Rick Sear is a programmer and data admin with the Dynamic Online Networks Lab. He has a degree in Computer Science with minors in Mathematics and Physics. At the DON Lab, Rick manages the team’s database and data pipelines. He works with many kinds of machine learning and NLP models to glean insights from the team’s data at scale. He also manages this website!

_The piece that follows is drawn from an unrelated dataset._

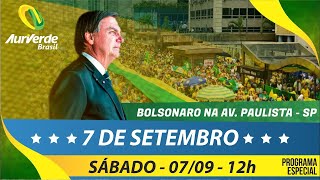 Transmissão ao vivo e na íntegra com o Presidente Bolsonaro na Avenida PaulistaSP  07092024 [upl. by Forster692]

  • Lucia Illari is a Ph.D. student in Physics at the George Washington University. They received their B.A. in Physics from Barnard College of Columbia University in 2017. At GW, they are studying the mesoscopic scale of interacting shockwaves or giant components which have formed along different “character” axes. This is done via a system of approximate, interacting differential equations and using a variety of online datasets (e.g., COVID-19, monkeypox, abortions, distrust in elections).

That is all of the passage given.